I am clearly not cut out for the "have baby, will travel" set. I always seem to be just a step behind everyone else when it comes to meeting the current standards of mother-child excursion preparedness.

For the past few weeks, we've been new gym members. (Technically, new members of an old gym we used to belong to, back in the halcyon days of semi-ripped ab muscles and good posture.) In those four weeks or so, I've been in three-and-a-half times, which is about the number of instances per week I had planned to go. The half, by the way, constitutes the trip when I worked out for 10 minutes before the child care folks came and got me to retrieve my absolutely-out-of-her-mind-with-stranger-anxiety 11-month-old, which is not to be confused with the trip when I never made it out of the child care room because she was in full meltdown mode 15 seconds after we entered. I sat in the room for an hour, playing with toys I could have been playing with at home, while Randy finished his workout. But that? The frustration over actually wanting to workout and actually wanting to leave the baby behind for a while to do so, and being thwarted every time? That's a different story for a different time.

This story is about how I went back in to retrieve my children yesterday morning. Bawling, splotchy, shaking, heaving, squealing, angry and frightened baby? Check. Waiting for me at the door. Well-adjusted, happy, couldn't-care-less-whether-Mommy's-around-or-not toddler? Hmmm. Being held. Looking pouty. Nice Gym Nanny looking at me with mingled pity and concern -- not for MJ, I guessed, but for her mother, her wholly inadequate and unprepared parent who apparently missed the memo that said her kid -- and all other kids -- is incapable of going ONE HOUR without having something to eat and drink. One hour, people.

Me: What happened?

Nice Gym Nanny: Well, she wanted a snack, and we couldn't find hers (waves a hand in direction of a counter that is literally packed with little Take-and-Toss bowls with goldfish crackers, each lovingly labeled with child's name before the mother/father left home to exercise.)

Me: Oh.

Nice Gym Nanny: Yeah. So she was really disappointed.

And so, I guessed, was Nice Gym Nanny ... in me. This is one of the reasons that I never bothered much with Gymboree classes and the like when MJ was even smaller than she is now; the idea of having to pack up her and half of her belongings to go somewhere else to play for 30 minutes seemed like unnecessary work for an 18-month-old with very simple needs. And now, packing a small lunch at 9:30 a.m., complete with masking tape monogramming (do you know how long it would take me to find masking tape around here?) seems like a lot of unnecessary work for a mother with a very simple need to sweat out all the spent patience clogged in her SAHM-y pores.

Am I being whiny and petulant? Yes. Most of the time Sometimes, that's what a blog is for.
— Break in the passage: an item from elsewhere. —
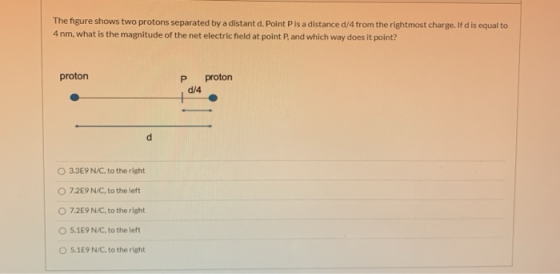 The figure shows two protons separated by a distant d. Point Pis a distance d/4 from the rightmost charge. If d is equal to 4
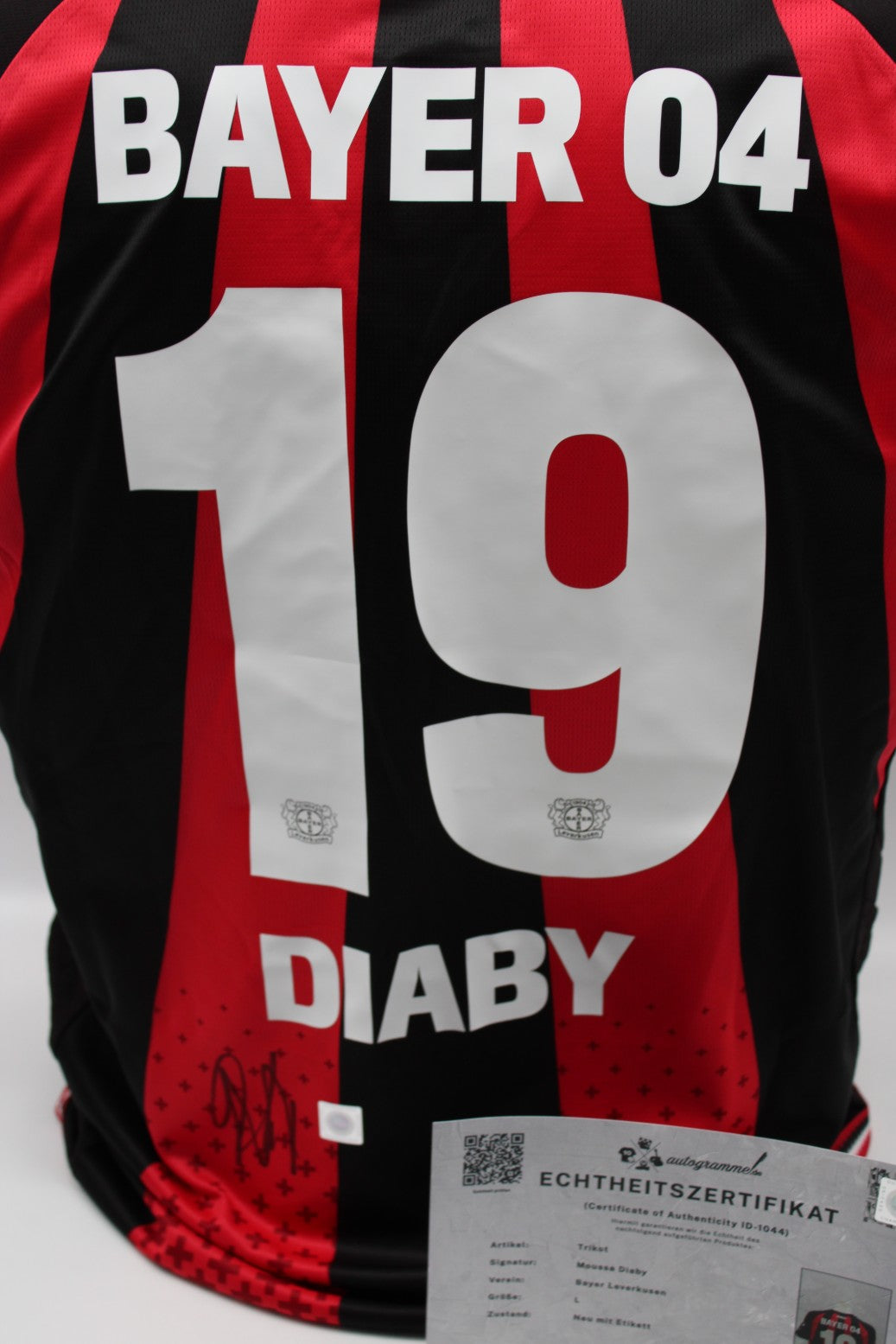 Bayer Leverkusen 2026/2027 Trikot Moussa Diaby signiert Autogramm zertifiziert L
I'll be honest. Some days I can't remember to brush MJ's hair before we go to Target. What I'm saying is: I'm soft. I need training. Boot camp. I'm a Type-L (for "lollygagging") parent personality living in a Type-A world. I'm pretty sure preschool in the fall will be as much about preparing Mommy to play nice as it will preparing MJ to do the same. They should charge me double. (But don't tell them I said that.)